9 July 1745 - Off the south-west coast of England
There was nothing Charles could do but watch in horror. Or perhaps pray for divine intervention. The sleek English man of War, the HMS Lion, its 64 guns at the ready, was now within pistol shot of the slower L’elisabeth, loaded with troops and supplies destined for an invasion of Scotland.

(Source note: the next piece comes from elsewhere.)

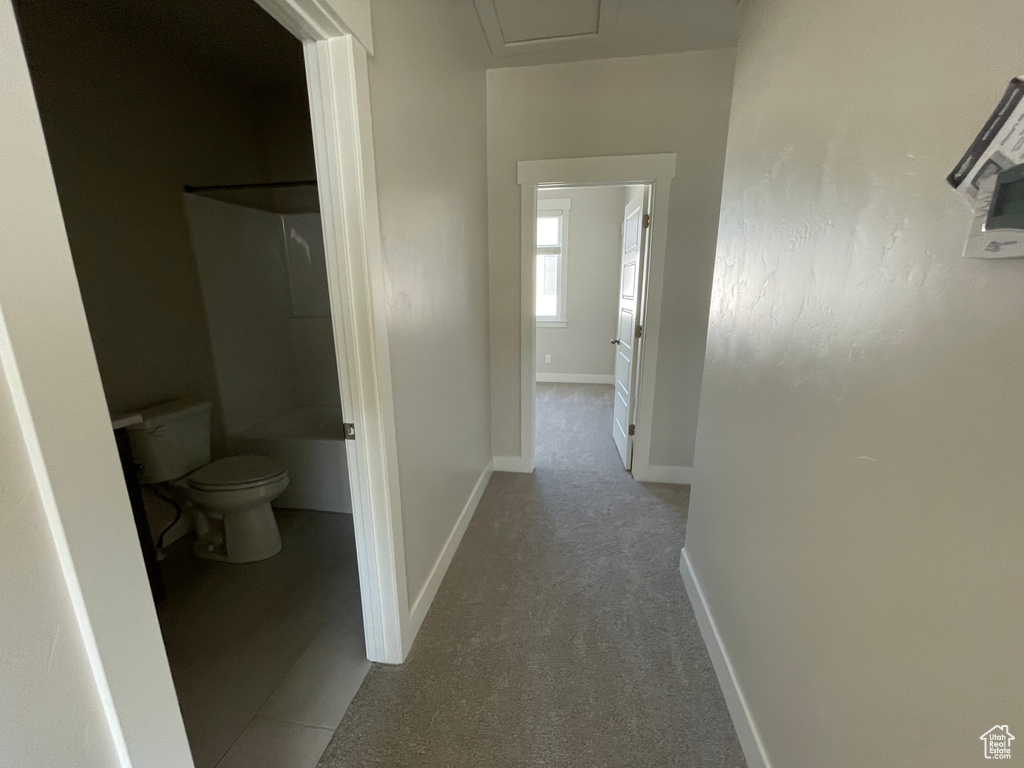 Hallway with baseboards and carpet floors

L’elisabeth and the 16 gun privateer, Le Dutillet had hoped to avoid the British navy as they skirted the coast of England around the Lizard peninsula. The two ships had sailed undetected up until now, navigating towards the Western Isles of Scotland. Prince Charles had spent almost a year putting this convoy together to restore the British crown for his father, James Francis Edward Stuart.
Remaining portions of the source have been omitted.